The concept of an electric field is fundamental in understanding electrostatics. An electric field is a region around a charged object where another charge experiences a force. It is represented by field lines and is defined as the force per unit charge. The strength and direction of an electric field depend on the source charge's magnitude and sign.

Calculating the electric field at a point involves:

• Identifying the source of the electric field, which could be a point charge, line, or surface charge.
• Using the formula for electric field: \( E = \frac{F}{q} = \frac{k \, |Q|}{r^2} \), where \( Q \) is the source charge, \( r \) is the distance from the charge, and \( k \) is Coulomb's constant \( 8.99 \times 10^9 \text{ N m}^2/\text{C}^2 \).
• Considering the direction. The electric field vector points away from positive charges and towards negative charges.

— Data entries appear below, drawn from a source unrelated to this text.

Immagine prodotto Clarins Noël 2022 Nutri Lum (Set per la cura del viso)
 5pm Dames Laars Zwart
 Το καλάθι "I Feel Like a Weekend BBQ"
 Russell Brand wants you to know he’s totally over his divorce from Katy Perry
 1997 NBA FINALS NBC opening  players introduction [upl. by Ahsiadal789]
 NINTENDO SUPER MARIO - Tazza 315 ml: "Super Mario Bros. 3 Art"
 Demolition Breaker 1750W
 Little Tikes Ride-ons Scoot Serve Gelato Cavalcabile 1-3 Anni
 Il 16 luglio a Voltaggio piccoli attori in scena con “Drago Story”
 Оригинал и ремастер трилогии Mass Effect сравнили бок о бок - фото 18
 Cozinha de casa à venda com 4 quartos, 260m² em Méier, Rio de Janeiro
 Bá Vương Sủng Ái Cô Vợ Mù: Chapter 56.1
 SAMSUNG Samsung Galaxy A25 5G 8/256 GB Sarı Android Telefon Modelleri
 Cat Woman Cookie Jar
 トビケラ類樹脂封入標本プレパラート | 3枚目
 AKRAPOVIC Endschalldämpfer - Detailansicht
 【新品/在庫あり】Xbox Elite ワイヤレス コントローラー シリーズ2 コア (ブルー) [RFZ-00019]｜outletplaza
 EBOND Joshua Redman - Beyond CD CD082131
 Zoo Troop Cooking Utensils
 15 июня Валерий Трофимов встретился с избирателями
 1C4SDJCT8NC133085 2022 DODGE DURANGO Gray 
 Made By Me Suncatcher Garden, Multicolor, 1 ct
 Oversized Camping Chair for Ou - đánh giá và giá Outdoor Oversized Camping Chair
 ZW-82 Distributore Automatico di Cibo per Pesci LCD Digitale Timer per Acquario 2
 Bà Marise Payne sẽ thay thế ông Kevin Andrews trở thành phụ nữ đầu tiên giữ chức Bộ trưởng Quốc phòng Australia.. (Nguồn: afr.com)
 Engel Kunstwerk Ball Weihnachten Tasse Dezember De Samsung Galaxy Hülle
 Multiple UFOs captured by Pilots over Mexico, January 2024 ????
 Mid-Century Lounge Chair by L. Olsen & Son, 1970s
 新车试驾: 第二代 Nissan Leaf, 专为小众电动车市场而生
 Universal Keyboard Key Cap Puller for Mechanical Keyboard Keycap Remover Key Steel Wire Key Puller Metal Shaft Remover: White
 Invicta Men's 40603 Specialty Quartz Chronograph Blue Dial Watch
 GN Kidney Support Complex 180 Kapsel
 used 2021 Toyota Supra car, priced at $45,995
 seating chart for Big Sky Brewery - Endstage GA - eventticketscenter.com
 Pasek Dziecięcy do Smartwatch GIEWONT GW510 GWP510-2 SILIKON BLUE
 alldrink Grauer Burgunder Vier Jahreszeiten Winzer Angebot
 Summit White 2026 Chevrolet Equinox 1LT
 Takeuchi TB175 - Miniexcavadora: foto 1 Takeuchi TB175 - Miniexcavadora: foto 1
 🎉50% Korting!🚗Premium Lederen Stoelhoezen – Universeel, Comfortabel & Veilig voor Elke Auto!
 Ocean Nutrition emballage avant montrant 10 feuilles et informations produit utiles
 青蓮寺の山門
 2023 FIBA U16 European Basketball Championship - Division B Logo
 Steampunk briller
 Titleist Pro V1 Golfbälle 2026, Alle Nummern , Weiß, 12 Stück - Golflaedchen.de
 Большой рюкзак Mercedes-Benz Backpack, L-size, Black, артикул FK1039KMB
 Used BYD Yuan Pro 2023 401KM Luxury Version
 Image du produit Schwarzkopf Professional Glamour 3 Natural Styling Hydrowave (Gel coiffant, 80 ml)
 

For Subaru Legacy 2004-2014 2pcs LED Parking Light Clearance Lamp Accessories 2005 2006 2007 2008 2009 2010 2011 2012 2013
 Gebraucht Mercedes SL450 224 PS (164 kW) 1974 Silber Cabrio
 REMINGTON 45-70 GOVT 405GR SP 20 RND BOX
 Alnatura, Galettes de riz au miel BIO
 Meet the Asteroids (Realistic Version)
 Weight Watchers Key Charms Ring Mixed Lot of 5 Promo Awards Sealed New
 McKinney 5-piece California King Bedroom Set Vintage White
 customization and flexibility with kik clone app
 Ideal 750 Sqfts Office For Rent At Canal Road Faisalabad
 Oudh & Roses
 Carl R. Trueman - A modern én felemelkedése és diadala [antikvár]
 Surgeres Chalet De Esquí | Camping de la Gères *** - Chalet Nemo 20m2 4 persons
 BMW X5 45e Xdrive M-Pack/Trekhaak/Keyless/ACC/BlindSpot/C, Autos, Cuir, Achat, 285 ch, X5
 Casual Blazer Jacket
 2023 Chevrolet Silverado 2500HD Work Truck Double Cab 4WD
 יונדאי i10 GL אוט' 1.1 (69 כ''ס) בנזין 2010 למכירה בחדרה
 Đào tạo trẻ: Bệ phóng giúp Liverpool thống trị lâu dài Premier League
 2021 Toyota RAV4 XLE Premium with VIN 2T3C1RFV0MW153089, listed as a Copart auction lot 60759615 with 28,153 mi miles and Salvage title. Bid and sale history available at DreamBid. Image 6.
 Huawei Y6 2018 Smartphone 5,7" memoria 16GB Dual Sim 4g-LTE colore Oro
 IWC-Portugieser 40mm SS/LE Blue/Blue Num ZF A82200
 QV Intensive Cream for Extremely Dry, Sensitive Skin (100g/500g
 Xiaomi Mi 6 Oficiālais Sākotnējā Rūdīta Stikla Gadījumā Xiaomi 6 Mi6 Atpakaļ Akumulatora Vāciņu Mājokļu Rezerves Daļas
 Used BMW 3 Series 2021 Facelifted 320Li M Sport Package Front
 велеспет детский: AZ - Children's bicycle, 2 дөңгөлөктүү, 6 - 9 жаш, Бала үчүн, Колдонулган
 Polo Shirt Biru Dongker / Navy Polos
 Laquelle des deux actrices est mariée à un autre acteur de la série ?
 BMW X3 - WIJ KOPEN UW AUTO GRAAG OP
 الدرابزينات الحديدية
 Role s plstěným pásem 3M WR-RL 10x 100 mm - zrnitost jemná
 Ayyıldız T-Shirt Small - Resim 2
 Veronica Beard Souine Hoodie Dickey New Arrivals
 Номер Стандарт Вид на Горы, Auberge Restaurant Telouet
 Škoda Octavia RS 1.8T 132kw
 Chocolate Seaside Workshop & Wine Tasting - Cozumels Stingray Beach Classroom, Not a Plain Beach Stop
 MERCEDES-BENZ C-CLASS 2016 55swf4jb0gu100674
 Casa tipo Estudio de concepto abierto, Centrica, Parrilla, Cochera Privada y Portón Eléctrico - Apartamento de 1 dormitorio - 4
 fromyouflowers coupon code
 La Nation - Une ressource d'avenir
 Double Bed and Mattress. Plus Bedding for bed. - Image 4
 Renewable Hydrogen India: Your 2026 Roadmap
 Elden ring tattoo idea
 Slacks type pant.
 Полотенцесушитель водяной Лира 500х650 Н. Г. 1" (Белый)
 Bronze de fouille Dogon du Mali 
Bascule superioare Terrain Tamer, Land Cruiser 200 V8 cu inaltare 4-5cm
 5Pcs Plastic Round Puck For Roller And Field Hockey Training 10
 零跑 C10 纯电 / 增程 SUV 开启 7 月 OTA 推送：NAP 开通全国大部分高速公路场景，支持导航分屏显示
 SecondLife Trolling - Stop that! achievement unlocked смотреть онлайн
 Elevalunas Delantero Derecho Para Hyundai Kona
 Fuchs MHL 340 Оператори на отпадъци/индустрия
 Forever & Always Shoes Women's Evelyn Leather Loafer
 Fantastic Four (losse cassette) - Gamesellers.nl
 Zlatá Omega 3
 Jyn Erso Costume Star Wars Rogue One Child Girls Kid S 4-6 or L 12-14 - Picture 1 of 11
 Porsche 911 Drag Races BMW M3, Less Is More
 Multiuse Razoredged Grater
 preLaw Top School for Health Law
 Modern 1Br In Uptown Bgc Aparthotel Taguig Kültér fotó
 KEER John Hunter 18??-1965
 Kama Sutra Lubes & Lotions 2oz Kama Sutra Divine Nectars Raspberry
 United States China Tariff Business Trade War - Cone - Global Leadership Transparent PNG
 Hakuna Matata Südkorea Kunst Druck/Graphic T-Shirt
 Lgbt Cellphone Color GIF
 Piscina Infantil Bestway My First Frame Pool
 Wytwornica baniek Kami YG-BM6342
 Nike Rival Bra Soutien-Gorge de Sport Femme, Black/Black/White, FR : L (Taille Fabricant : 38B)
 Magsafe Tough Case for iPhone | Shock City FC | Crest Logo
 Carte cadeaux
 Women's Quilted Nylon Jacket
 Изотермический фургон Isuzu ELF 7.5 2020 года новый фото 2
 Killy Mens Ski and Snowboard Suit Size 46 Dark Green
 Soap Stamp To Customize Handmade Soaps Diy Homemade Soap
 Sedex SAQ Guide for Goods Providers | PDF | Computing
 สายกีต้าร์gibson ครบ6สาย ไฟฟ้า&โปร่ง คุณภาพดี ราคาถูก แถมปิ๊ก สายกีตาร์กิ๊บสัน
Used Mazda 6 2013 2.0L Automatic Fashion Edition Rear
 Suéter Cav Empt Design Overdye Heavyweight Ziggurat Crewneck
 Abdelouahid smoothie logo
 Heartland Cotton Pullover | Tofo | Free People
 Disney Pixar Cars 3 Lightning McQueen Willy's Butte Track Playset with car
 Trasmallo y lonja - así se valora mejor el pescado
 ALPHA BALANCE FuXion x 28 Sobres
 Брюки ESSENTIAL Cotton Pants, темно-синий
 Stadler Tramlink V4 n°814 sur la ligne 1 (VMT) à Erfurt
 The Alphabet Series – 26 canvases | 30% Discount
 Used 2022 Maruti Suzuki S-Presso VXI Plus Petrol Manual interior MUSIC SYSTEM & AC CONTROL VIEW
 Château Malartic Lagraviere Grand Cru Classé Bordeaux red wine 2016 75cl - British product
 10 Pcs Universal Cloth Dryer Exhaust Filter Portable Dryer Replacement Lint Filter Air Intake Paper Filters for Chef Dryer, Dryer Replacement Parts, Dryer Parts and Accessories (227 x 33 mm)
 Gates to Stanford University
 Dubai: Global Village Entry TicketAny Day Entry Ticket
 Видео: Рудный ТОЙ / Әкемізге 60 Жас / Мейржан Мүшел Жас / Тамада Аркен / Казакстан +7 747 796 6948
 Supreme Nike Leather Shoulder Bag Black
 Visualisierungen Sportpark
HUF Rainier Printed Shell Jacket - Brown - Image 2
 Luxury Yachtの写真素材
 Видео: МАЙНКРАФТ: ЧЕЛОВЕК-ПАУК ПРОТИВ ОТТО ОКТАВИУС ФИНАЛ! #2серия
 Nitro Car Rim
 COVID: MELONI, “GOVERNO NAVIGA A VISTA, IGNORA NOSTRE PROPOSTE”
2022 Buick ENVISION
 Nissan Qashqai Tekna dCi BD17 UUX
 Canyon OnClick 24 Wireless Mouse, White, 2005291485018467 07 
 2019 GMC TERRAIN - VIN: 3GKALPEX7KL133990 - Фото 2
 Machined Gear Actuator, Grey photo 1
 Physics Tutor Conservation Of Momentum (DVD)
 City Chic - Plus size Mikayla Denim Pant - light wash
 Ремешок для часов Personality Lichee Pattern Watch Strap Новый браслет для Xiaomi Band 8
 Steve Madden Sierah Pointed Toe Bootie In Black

In exercises like the one discussed, understanding where the electric field is strongest or weakest helps us predict the forces acting on the charges involved.

Gauss's Law

Gauss's Law provides a powerful tool for analyzing electric fields, particularly in symmetric situations like spheres and cylinders. The law states that the total electric flux through a closed surface equals the charge enclosed divided by the permittivity of space \( (\epsilon_0) \).

Mathematically, it is expressed as: \[ \Phi_E = \oint \mathbf{E} \cdot d\mathbf{A} = \frac{Q_{\text{enc}}}{\epsilon_0} \]

In our problem:

• The smaller sphere (ball) can be analyzed using Gauss's Law to determine the electric field within and outside the larger sphere.
• The symmetry of the problem simplifies the calculation of the electric field, as only the charge inside the Gaussian surface at radius \( a \) contributes to the field inside.
• Understanding how the charge distribution affects the electric field is crucial when considering modifications like introducing a cavity or moving the charge.

Gauss's Law helps simplify complex calculations, making it easier to see the impact of different geometries and scenarios on electric fields.

Coulomb's Law

Coulomb's Law is essential for calculating the force between two point charges. It gives the magnitude of the force as directly proportional to the product of the absolute charges and inversely proportional to the square of the distance between them.

The formula is: \[ F = \frac{1}{4\pi\epsilon_0} \times \frac{|q_1 \times q_2|}{r^2} \]
Where:

• \( q_1 \) and \( q_2 \) are the point charges involved.
• \( r \) is the distance between the charges.
• \( \epsilon_0 \) is the permittivity of free space.

For the exercise provided:

• Coulomb's Law helps us determine the force on the smaller sphere due to the portion of the larger sphere's charge that lies within a specific radius.
• The problem addresses whether this force is altered when part of the charge distribution is removed.
• Coulomb's Law underscores the importance of understanding how distance and charge magnitude affect electrostatic forces.

This principle is crucial in predicting how objects interact under the influence of electric fields created by different configurations of charges.